Before HARDY, GLADNEY, AYRES, and BOLIN, JJ.
This action was instituted by plaintiff wife, praying for a decree of separation from bed and board on the ground of cruelty; for provisional custody of two minor children, together with alimony on behalf of plaintiff and the said minors, pendente lite; for dissolution of the community and recognition as owner of an undivided one-half interest in the property belonging thereto; and for injunctive relief prohibiting the defendant husband from disposing or encumbering any property belonging to the community. Responsive to plaintiff's petition, a rule nisi was issued ordering defendant to show cause why plaintiff should not be awarded the custody of the minor children, allowed alimony pendente lite, and why a preliminary writ of injunction should not issue. Defendant filed an answer of general denial, and asserted a reconventional demand under which he prayed for a judgment of separation from bed and board in his favor on the grounds of cruelty and desertion, and for other appropriate relief, including custody of the minor children.
After hearing on the rule nisi, judgment was rendered awarding plaintiff wife custody of the minor children, and further ordering defendant to pay alimony, pendente lite, in amounts fixed by said judgment. No appeal was taken from this judgment rendered on November 15, 1961, and, accordingly, the issues disposed therein are not before this court.

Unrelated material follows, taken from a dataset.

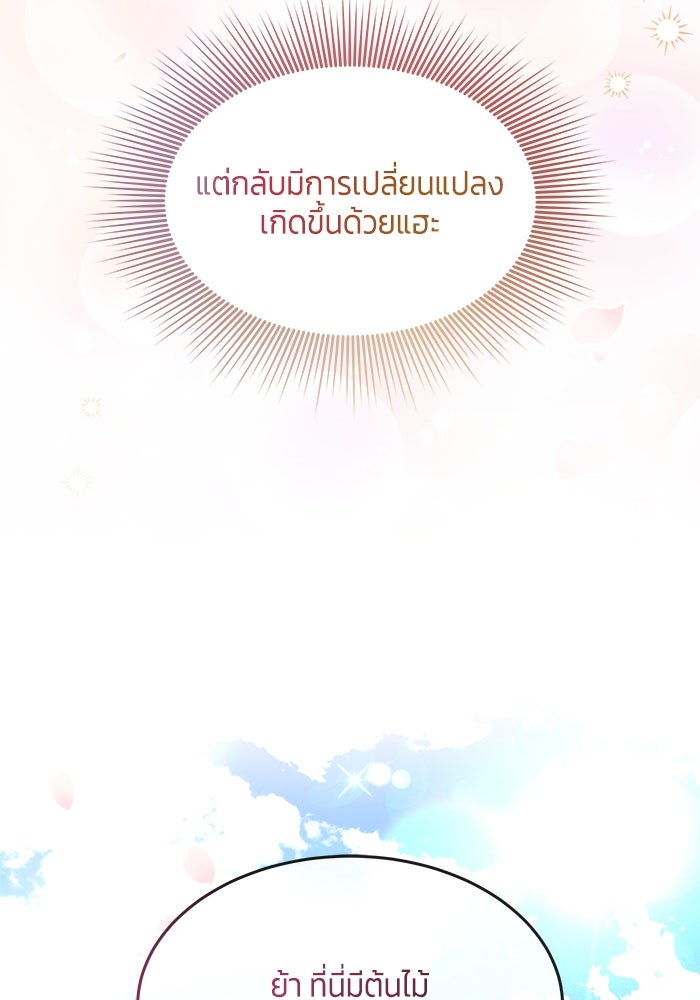 สุ่มกาชามาเป็นองค์หญิง - หน้า 96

After trial on the merits motions for a new trial were filed by both parties and granted by the court. After retrial on the merits, the demands of plaintiff and the reconventional demands of defendant were rejected and their respective claims dismissed. From this judgment plaintiff has appealed and defendant has answered the appeal, praying for affirmance of the judgment to the extent that it rejected plaintiff's demands, reversal of the judgment insofar as it dismissed defendant's reconventional demands, and annulment of the judgment of November 15, 1961, granting plaintiff custody of the children and alimony pendente lite.
By reason of defendant's failure to appeal from the judgment on rule awarding custody of the children and fixing alimony, as above noted, we must restrict the issue involved by this appeal and the answer thereto to the correctness of the judgment dismissing the opposed demands of both parties. This involves purely a factual question.

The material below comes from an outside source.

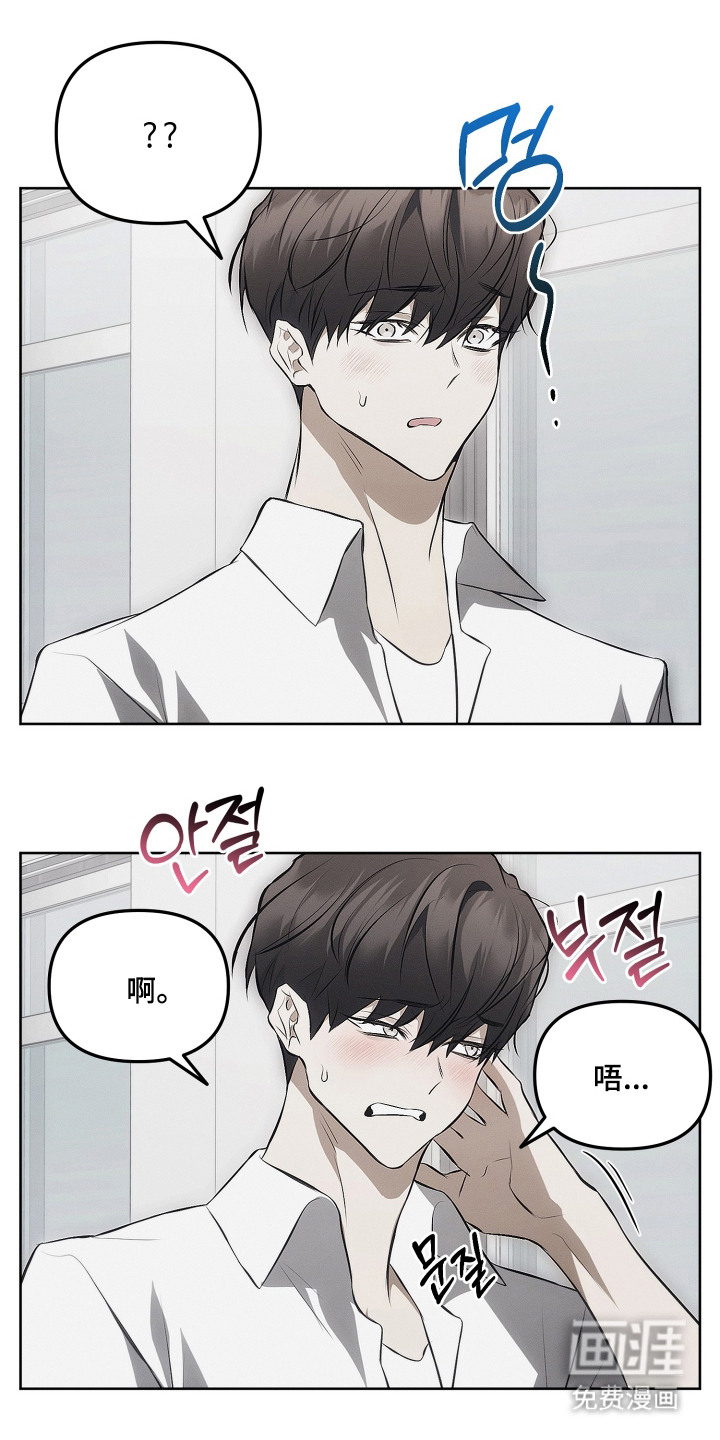 逆命欧米伽漫画-图8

We have carefully examined the record and find that the basis for the alleged cruel treatment on the part of defendant husband largely rests upon the contended use of vile and profane language toward plaintiff wife and the appearance of a red substance on a handkerchief of the defendant husband, which the wife asserted to be lipstick and the husband contended to be strawberry stains. The reconventional demand of the husband is primarily based upon the contention of constant nagging on the part of the wife.
The record further shows that these parties had been involved in a similar action for a separation on practically the same grounds, followed by a reconciliation a comparatively short time prior to the institution of this action.

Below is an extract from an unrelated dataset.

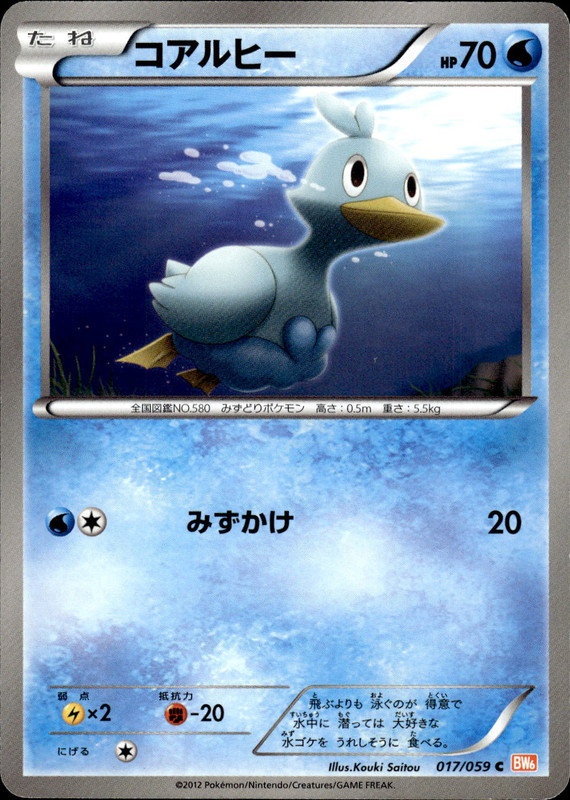 コアルヒー（アンリミ）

The district judge had by far a better opportunity, through his direct observance of the witnesses in this case, than we possess with respect to the evaluation of the testimony and a determination of the facts. Insofar as the record before us is concerned, we can find nothing which would justify a conclusion of error, manifest or otherwise, on the part of the trial court.
We note that the judgment appealed from assessed the costs equally against plaintiff and defendant. The record does not indicate that plaintiff has any independent income or separate estate, and, for this reason, the assessment of costs against her would appear to be vain and futile. Accordingly, the judgment appealed from is amended to the extent of assessing the costs of this litigation in both courts against the defendant, as head and master of the community, and, as amended, it is affirmed.